(EXTRACTED RECORDS Opens)

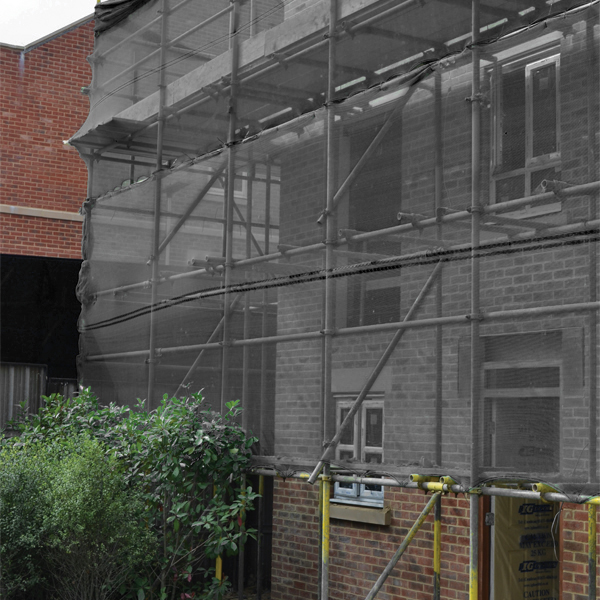 Debris netting system Hire Bromley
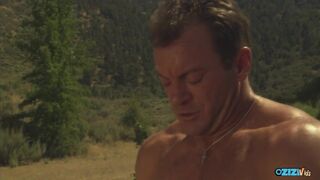 Motocross Star Revs Up Fake Tits Brothel Orgy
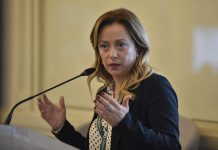 Regionali, Meloni “Orgogliosa di Acquaroli, le roccaforti si battono”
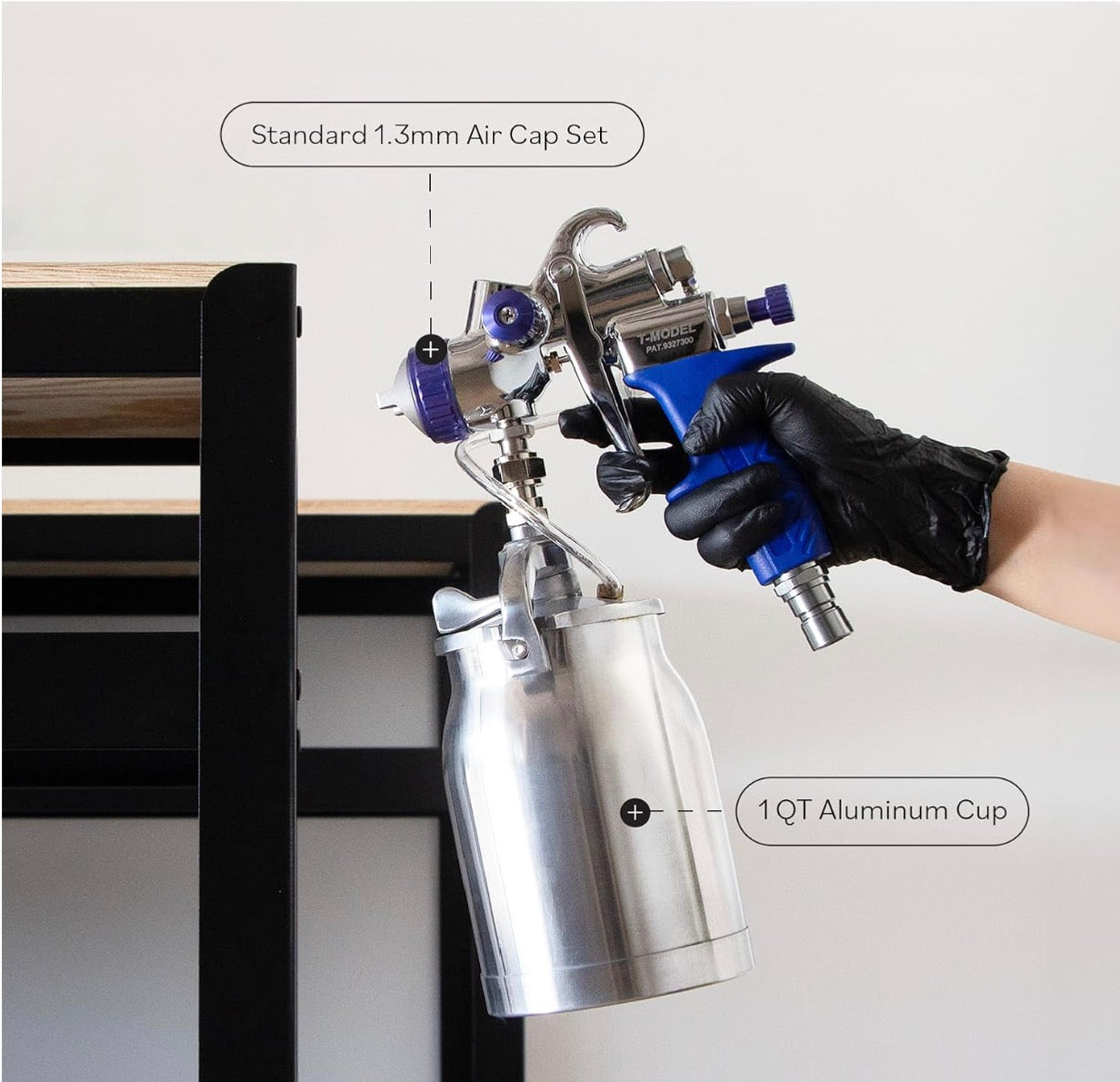 Fuji Spray Q4 PLATINUM - T-70 Quiet System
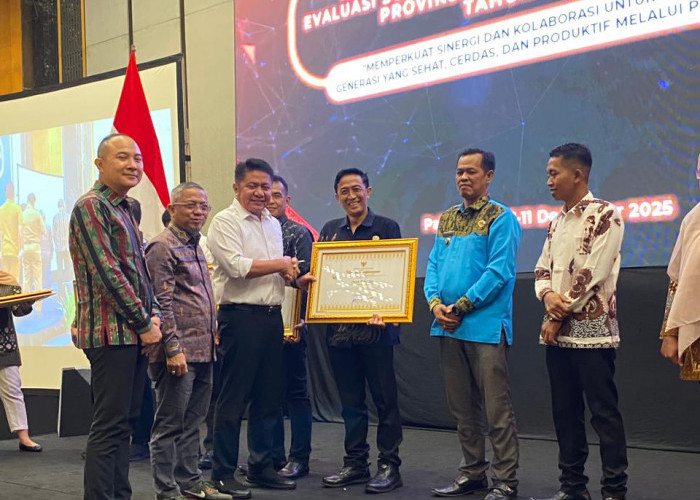 Desa Sukaraja OKU Timur Raih Penghargaan Desa Cantik Terbaik Dari Gubernur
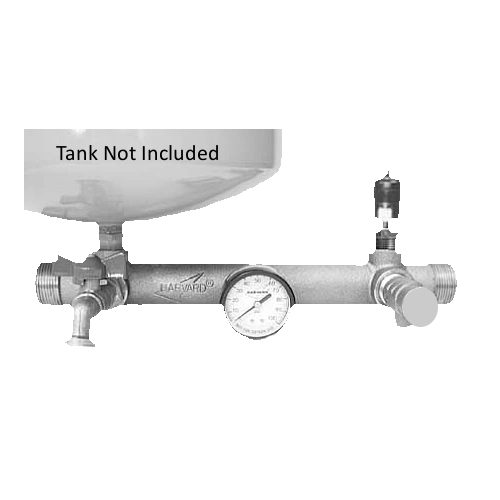 2" Constant Pressure System Stainless Steel Manifold Kit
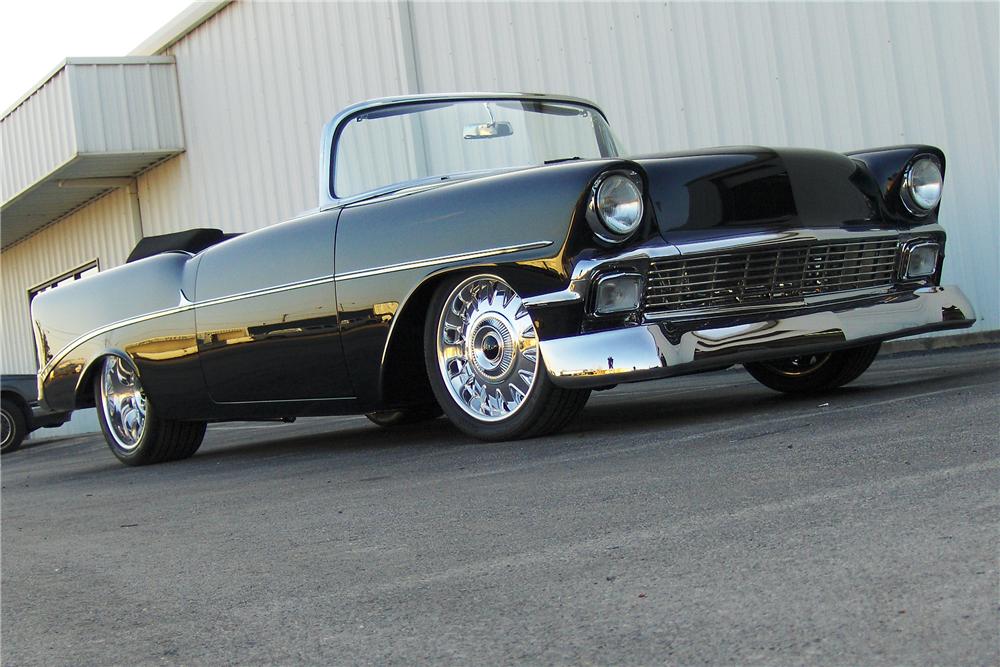 1956 CHEVROLET BEL AIR CUSTOM CONVERTIBLE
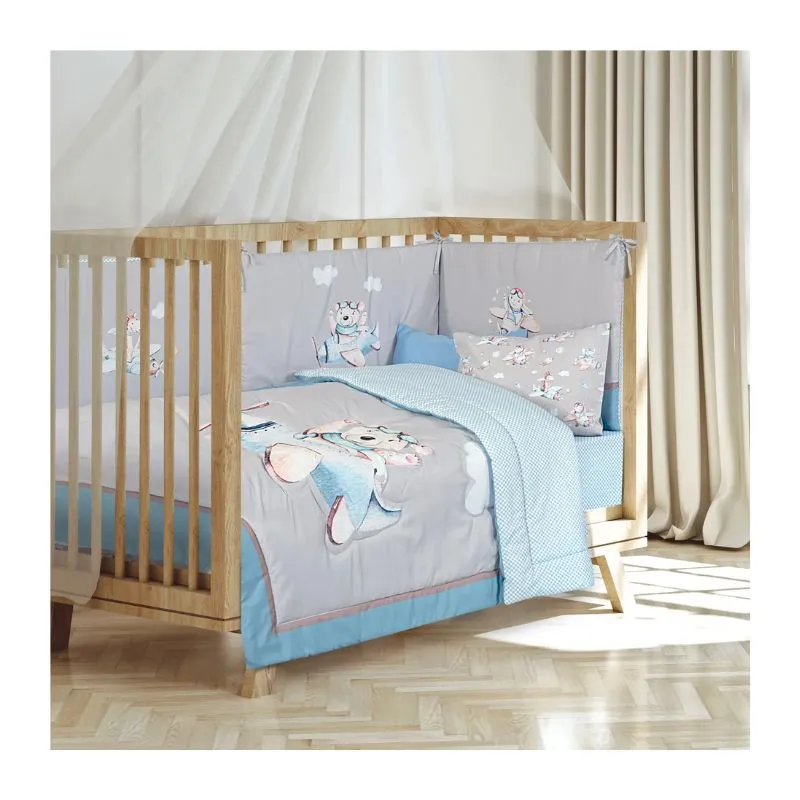 Greenwich Polo Club Baby Quilt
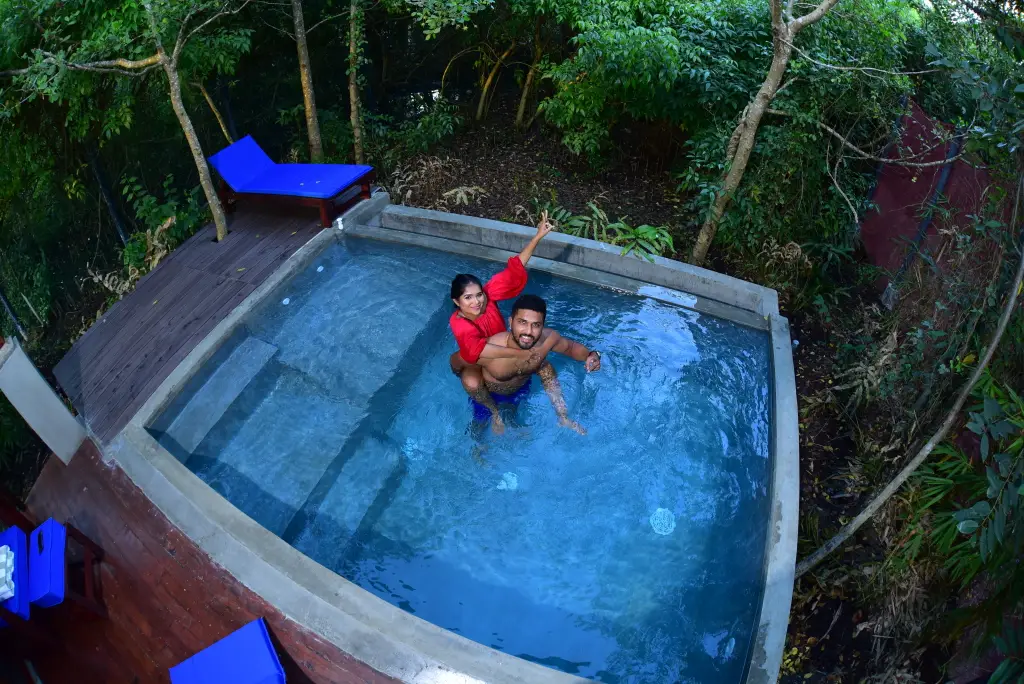 Коломбо: База Отдыха Private Cabana with Pool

(EXTRACTED RECORDS Closes)

[PROMPT]
Before copying, set the pictures aside; then give the records again exactly.

[RESPONSE AREA]
 Debris netting system Hire Bromley
 Motocross Star Revs Up Fake Tits Brothel Orgy
 Regionali, Meloni “Orgogliosa di Acquaroli, le roccaforti si battono”
 Fuji Spray Q4 PLATINUM - T-70 Quiet System
 Desa Sukaraja OKU Timur Raih Penghargaan Desa Cantik Terbaik Dari Gubernur
 2" Constant Pressure System Stainless Steel Manifold Kit
 1956 CHEVROLET BEL AIR CUSTOM CONVERTIBLE
 Greenwich Polo Club Baby Quilt
 Коломбо: База Отдыха Private Cabana with Pool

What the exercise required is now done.